DATA SEGMENT:
+ + + +
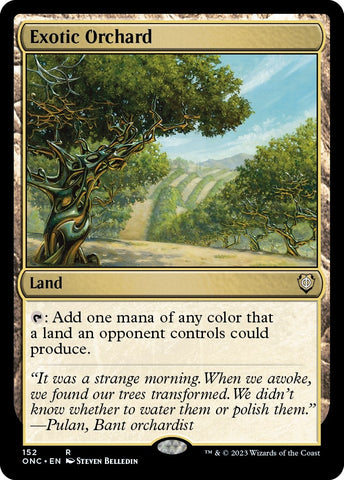 Image for Exotic Orchard (152) [Commander: Phyrexia: All Will Be One]
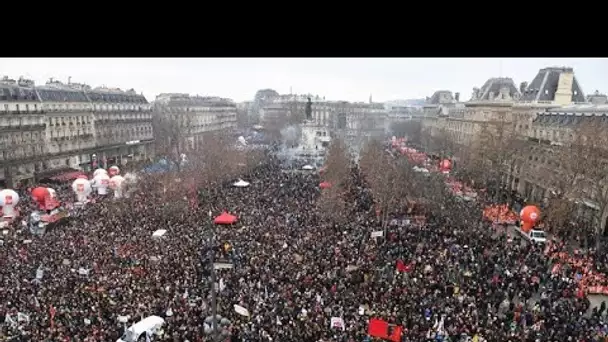 Entre 1 et 2 millions de Français dans les rues contre la réforme des retraites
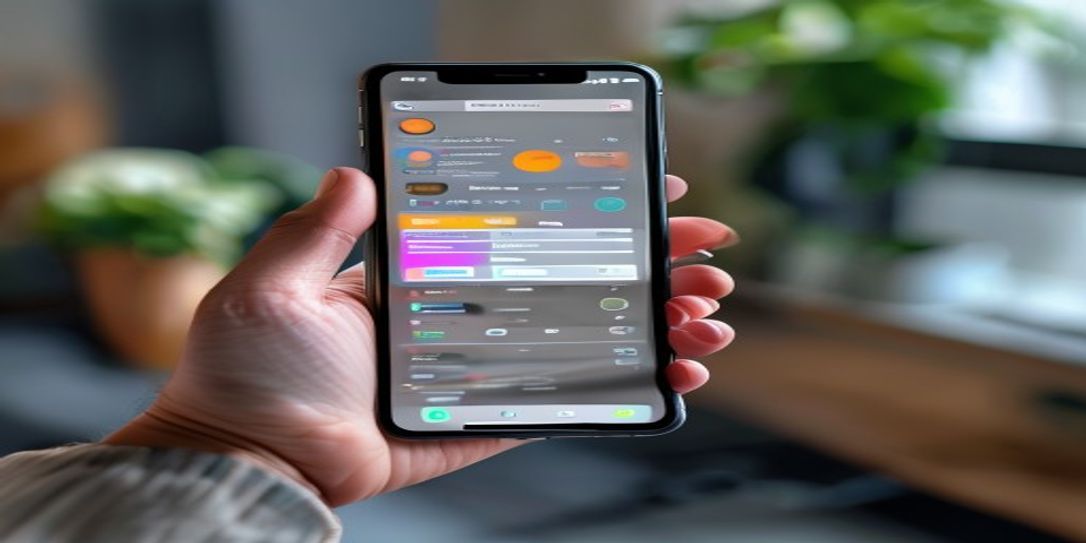 A user using an Android home inventory app to scan household items.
+ + + +
ASSIGNMENT: Would you return the data above exactly as written, minus the images?

ANSWER TO THIS PROBLEM:
 Image for Exotic Orchard (152) [Commander: Phyrexia: All Will Be One]
 Entre 1 et 2 millions de Français dans les rues contre la réforme des retraites
 A user using an Android home inventory app to scan household items.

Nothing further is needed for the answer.